Un departamento vacío en la orilla de la ciudad: el lugar ideal para un consultorio del que no se quería dejar ningún rastro. Apenas una cama para revisión.
Llegamos cerca de las nueve, una pareja salía con la misma jodida expresión con la que nosotros entrábamos.
Nos recibió un hombre con bata blanca que dijo ser el doctor; pudo ser el plomero pero daba igual.
Te dijo que te desnudaras, que subieras a la mesa y abrieras las piernas.

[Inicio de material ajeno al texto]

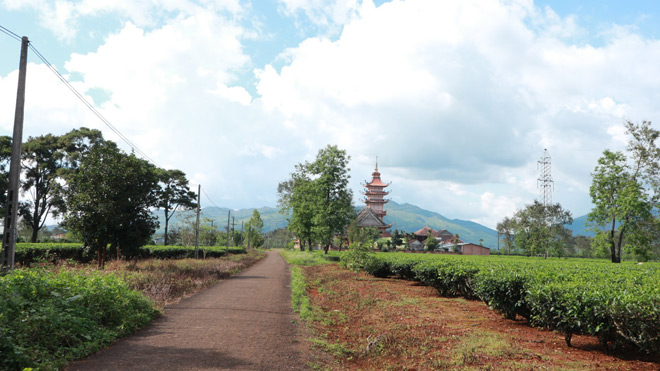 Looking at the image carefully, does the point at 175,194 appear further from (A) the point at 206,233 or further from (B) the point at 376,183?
(B) the point at 376,183

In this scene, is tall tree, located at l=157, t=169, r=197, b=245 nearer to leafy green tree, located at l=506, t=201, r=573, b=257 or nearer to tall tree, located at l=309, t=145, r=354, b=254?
tall tree, located at l=309, t=145, r=354, b=254

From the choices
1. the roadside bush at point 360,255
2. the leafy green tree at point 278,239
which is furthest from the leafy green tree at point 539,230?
the leafy green tree at point 278,239

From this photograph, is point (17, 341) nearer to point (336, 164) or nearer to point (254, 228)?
point (336, 164)

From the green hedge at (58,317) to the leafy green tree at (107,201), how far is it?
405 inches

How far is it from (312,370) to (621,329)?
5156 mm

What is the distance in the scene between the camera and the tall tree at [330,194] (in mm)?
43688

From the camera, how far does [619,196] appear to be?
3803cm

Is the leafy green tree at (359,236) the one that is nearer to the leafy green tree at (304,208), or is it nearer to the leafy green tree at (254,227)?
the leafy green tree at (304,208)

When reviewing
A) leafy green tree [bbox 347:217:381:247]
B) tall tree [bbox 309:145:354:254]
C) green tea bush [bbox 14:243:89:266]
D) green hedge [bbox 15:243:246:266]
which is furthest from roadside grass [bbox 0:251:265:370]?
tall tree [bbox 309:145:354:254]

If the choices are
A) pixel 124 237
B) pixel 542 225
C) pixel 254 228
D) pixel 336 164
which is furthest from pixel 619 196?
pixel 254 228

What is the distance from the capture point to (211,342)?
7422 mm

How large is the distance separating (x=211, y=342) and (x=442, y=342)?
4506 millimetres

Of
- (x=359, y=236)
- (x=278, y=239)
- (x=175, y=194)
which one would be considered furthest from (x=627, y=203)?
(x=278, y=239)

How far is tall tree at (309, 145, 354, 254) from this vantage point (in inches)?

Te inyectó algo, no alcancé a ver qué era.
Mientras esperábamos a que hiciera efecto, me cobró. Guardó los billetes en el escritorio después de contarlos.
Se puso guantes, introdujo aquel espejo en forma de pato en tu vagina y me dejó mirar dentro de ti. Sentí deseo.
Me gustó mirarte adormecida entre alucinaciones, mirarte perdida con las piernas abiertas y la legra que metía y sacaba el médico de tu cuerpo. Yo quería ser aquella cuchara larga y sin fondo que se llenaba de carmines.
Lo hubiera quitado de ti y te hubiera penetrado de nuevo como lo hice aquella tarde; hubiera saciado este placer apócrifo pero me detuvo la estúpida culpa, y aquella cubeta de metal que se llenaba poco a poco con los restos de lo que hubiera sido.